João disse que a escolha precisava levar em consideração, principalmente, a relação que seria construída entre o governador e o futuro vice durante os quatro anos de mandato.
“Será com ele que o vice irá conviver quatro anos”, destacou.
O ex-governador também lembrou a própria experiência com Lucas Ribeiro, que ocupou a vice-governadoria durante sua gestão, e afirmou que espera que o atual governador tenha uma relação igualmente tranquila com o nome escolhido.
João citou ainda a ex-vice-governadora Lígia Feliciano como outro nome que considera preparado para a função, destacando a relação que manteve com ela durante os quatro anos em que esteve no cargo.
Nomes do PSB
Questionado sobre a participação do PSB na discussão e sobre o nome da tenente-coronel Viviane, João explicou que ela foi apenas uma das opções apresentadas pelo partido.
“Não só o nome dela, mas outros nomes do PSB que nós colocamos na mesa. Cada partido teve a oportunidade de colocar na mesa os nomes que, evidentemente, a gente achava, naquele momento, que poderiam estar na condição de vice”, afirmou.
Segundo João, além de Viviane, o nome de Jailma também chegou a ser colocado nas discussões.

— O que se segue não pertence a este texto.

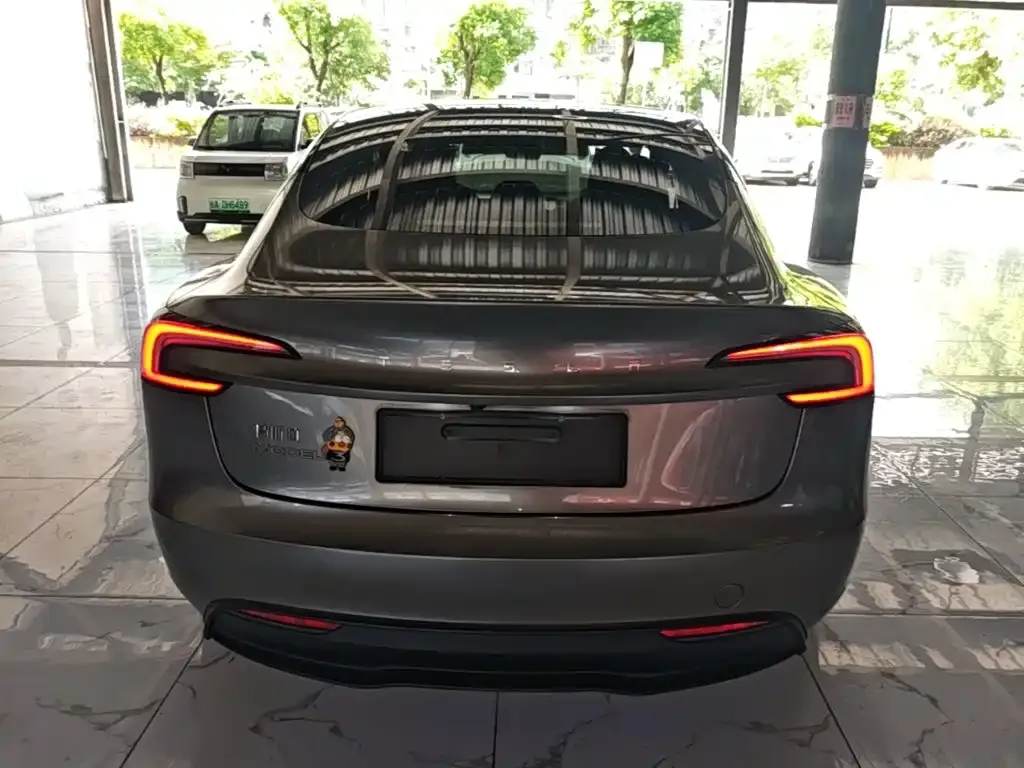 Tesla Model 3 — фото 8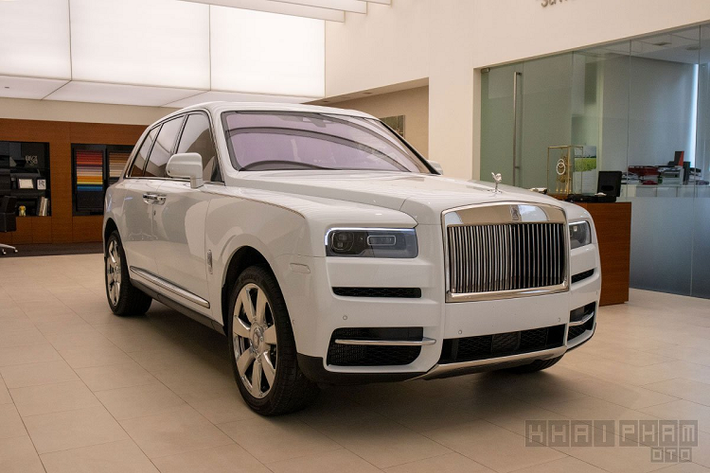 Sau rất nhiều thành công cùng Rolls-Royce Phantom qua 8 thế hệ, hãng xe Anh quốc đã thử thách mình với việc lần đầu tiên nghiên cứu và phát triển 1 dòng xe hơi mới - SUV siêu sang Rolls-Royce Cullinan để bổ sung vào danh sách sản phẩm của thương hiệu này.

Ele reforçou que as conversas ocorreram em diferentes momentos e que os partidos aliados tiveram espaço para apresentar suas opções, mas a palavra final permaneceu com Lucas Ribeiro.
“Essa discussão aconteceu em vários momentos de reuniões internas, mas cabia sempre, e a gente entendia isso, ao governador Lucas fazer a sua própria opção e escolha”, concluiu.